→ **What is being asked**
For this exercise, reproduce only the lines from the one holding "Jeep Compass Compass" through the final line of the data below, exactly, and omit pictures.

→ **Input data**

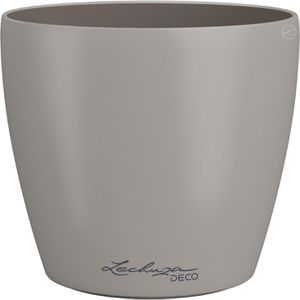 Übertopf Lechuza-DECO 28, sandbraun, Ø 28 x 26 cm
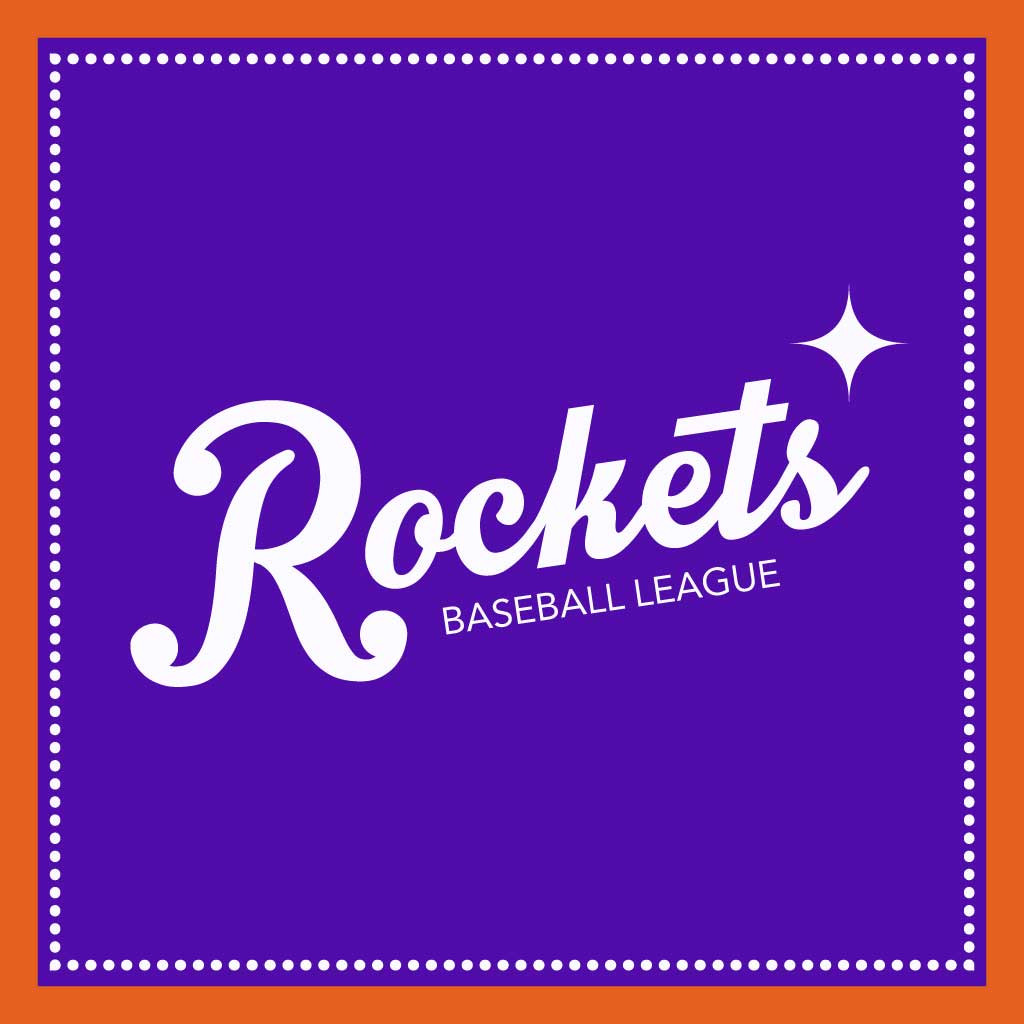 Template Energetic Purple Orange Sports Event Post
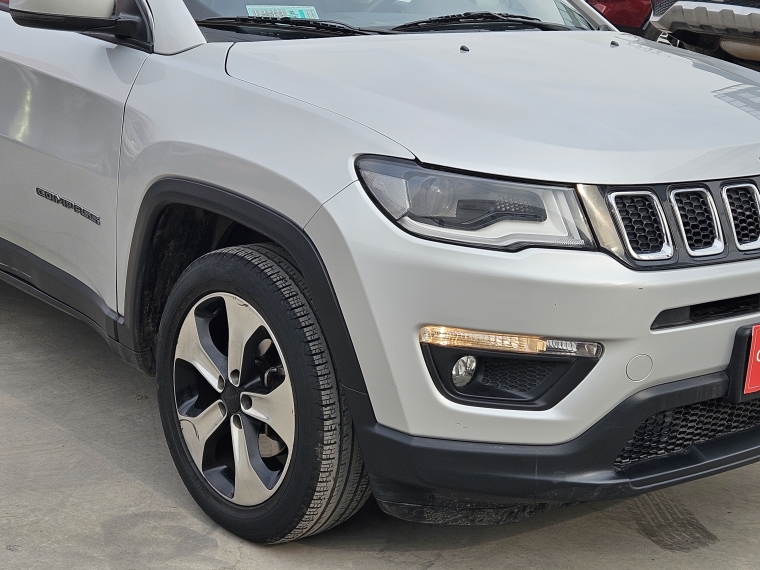 Jeep Compass Compass Longitude 2.4 At 2019 Usado en Rosselot Usados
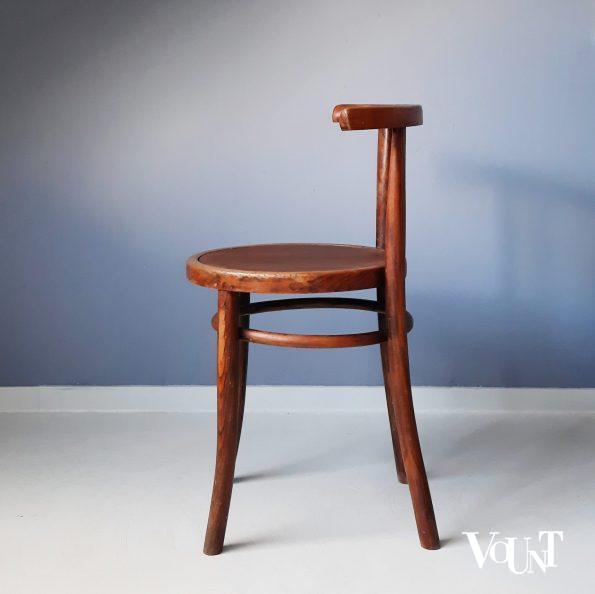 Bentwood stoeltje nr. 15, Fischel, rond 1920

→ **Written reply**
 Jeep Compass Compass Longitude 2.4 At 2019 Usado en Rosselot Usados
 Bentwood stoeltje nr. 15, Fischel, rond 1920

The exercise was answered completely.